» What is needed: Reproduce, exactly, the lines of the material below from the line containing "Ford не випускатиме заряджений Focus RS" through the line containing "Black Country Communion", with both end lines included and nothing else.

» Available data:
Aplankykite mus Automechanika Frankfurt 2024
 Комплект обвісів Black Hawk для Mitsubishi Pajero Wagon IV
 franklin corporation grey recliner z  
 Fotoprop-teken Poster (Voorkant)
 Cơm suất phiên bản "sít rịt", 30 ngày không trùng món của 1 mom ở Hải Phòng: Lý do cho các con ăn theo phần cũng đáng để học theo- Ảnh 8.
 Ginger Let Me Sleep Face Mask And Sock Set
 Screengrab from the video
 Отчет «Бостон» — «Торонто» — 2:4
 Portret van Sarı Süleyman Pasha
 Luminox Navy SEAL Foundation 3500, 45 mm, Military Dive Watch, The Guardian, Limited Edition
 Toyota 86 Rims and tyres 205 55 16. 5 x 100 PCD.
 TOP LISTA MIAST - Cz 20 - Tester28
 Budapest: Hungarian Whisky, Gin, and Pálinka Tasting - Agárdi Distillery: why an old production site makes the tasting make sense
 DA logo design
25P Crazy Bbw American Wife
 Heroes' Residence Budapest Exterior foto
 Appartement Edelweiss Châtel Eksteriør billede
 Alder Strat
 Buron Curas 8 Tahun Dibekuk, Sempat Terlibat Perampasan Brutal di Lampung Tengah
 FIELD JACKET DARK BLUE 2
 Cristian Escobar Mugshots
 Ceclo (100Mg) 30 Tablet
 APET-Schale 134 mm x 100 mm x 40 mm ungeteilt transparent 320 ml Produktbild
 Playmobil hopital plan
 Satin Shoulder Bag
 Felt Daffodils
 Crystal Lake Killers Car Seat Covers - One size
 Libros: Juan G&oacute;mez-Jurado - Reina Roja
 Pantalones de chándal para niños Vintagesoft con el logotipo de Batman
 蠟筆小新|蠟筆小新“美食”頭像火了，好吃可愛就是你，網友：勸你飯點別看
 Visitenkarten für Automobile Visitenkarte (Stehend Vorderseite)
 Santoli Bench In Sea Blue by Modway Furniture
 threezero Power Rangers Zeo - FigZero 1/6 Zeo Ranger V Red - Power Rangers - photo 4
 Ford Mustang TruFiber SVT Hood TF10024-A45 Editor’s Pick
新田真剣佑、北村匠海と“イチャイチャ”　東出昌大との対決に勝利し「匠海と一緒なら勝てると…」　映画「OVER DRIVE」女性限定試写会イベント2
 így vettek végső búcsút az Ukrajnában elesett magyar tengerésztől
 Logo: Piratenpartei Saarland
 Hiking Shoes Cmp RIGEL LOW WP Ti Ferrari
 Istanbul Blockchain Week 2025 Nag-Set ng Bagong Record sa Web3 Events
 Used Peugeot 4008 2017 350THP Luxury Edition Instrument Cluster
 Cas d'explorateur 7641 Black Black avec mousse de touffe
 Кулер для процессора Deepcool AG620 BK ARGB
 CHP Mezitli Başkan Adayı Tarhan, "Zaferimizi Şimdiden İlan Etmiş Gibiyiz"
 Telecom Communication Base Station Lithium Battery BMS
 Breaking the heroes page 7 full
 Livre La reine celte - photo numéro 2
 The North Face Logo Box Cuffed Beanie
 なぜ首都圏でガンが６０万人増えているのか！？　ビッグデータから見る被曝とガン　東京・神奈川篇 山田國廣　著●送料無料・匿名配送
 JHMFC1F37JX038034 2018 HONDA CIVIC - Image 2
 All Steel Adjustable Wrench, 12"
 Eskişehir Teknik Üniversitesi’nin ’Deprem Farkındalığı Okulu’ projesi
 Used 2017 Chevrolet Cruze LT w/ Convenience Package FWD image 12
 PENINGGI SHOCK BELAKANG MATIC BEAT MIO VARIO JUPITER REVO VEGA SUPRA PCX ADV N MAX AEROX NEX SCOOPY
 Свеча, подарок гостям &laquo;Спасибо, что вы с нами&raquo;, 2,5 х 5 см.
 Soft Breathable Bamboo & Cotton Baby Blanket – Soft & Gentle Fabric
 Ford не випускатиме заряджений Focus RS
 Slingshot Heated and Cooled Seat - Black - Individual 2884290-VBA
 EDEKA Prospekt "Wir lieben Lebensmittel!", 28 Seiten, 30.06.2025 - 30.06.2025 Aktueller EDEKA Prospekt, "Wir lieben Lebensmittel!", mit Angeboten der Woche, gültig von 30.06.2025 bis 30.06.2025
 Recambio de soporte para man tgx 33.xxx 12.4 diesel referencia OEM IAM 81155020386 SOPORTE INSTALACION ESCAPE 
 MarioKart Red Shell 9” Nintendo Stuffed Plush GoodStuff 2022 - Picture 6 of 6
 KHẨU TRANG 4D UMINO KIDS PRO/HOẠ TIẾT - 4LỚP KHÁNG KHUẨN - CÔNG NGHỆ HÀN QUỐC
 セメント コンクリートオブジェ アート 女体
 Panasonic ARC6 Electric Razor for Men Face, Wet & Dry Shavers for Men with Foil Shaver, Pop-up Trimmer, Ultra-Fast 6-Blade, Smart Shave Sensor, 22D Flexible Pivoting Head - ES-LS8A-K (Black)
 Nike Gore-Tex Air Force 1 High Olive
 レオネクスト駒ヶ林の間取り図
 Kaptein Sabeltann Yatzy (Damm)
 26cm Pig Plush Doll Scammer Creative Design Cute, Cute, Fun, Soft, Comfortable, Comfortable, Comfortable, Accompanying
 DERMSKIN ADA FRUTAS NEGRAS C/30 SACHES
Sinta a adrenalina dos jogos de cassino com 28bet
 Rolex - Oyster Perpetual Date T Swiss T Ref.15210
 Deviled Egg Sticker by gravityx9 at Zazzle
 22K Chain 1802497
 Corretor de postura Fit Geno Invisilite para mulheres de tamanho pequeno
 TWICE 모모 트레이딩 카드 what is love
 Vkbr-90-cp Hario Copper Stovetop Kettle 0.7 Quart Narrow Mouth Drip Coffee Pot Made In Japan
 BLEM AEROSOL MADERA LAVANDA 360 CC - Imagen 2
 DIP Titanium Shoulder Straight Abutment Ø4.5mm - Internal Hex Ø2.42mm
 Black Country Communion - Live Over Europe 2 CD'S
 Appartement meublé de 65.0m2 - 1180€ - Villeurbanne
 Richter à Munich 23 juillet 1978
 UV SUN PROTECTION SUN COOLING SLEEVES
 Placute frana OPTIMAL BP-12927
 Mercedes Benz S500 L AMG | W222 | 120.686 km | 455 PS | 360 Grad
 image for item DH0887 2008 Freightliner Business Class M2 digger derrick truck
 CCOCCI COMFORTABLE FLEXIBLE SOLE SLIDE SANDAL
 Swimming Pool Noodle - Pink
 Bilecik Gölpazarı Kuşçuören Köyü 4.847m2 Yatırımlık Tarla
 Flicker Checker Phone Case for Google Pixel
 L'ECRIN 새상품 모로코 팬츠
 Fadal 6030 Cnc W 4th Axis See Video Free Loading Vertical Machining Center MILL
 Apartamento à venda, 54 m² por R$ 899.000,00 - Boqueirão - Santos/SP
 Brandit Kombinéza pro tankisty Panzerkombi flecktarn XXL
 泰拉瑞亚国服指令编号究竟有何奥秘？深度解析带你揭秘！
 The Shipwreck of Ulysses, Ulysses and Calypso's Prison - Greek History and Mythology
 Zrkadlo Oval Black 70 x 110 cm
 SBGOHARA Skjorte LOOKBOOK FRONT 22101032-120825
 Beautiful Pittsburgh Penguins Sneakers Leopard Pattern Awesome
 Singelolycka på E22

» Written solution:
 Ford не випускатиме заряджений Focus RS
 Slingshot Heated and Cooled Seat - Black - Individual 2884290-VBA
 EDEKA Prospekt "Wir lieben Lebensmittel!", 28 Seiten, 30.06.2025 - 30.06.2025 Aktueller EDEKA Prospekt, "Wir lieben Lebensmittel!", mit Angeboten der Woche, gültig von 30.06.2025 bis 30.06.2025
 Recambio de soporte para man tgx 33.xxx 12.4 diesel referencia OEM IAM 81155020386 SOPORTE INSTALACION ESCAPE 
 MarioKart Red Shell 9” Nintendo Stuffed Plush GoodStuff 2022 - Picture 6 of 6
 KHẨU TRANG 4D UMINO KIDS PRO/HOẠ TIẾT - 4LỚP KHÁNG KHUẨN - CÔNG NGHỆ HÀN QUỐC
 セメント コンクリートオブジェ アート 女体
 Panasonic ARC6 Electric Razor for Men Face, Wet & Dry Shavers for Men with Foil Shaver, Pop-up Trimmer, Ultra-Fast 6-Blade, Smart Shave Sensor, 22D Flexible Pivoting Head - ES-LS8A-K (Black)
 Nike Gore-Tex Air Force 1 High Olive
 レオネクスト駒ヶ林の間取り図
 Kaptein Sabeltann Yatzy (Damm)
 26cm Pig Plush Doll Scammer Creative Design Cute, Cute, Fun, Soft, Comfortable, Comfortable, Comfortable, Accompanying
 DERMSKIN ADA FRUTAS NEGRAS C/30 SACHES
Sinta a adrenalina dos jogos de cassino com 28bet
 Rolex - Oyster Perpetual Date T Swiss T Ref.15210
 Deviled Egg Sticker by gravityx9 at Zazzle
 22K Chain 1802497
 Corretor de postura Fit Geno Invisilite para mulheres de tamanho pequeno
 TWICE 모모 트레이딩 카드 what is love
 Vkbr-90-cp Hario Copper Stovetop Kettle 0.7 Quart Narrow Mouth Drip Coffee Pot Made In Japan
 BLEM AEROSOL MADERA LAVANDA 360 CC - Imagen 2
 DIP Titanium Shoulder Straight Abutment Ø4.5mm - Internal Hex Ø2.42mm
 Black Country Communion - Live Over Europe 2 CD'S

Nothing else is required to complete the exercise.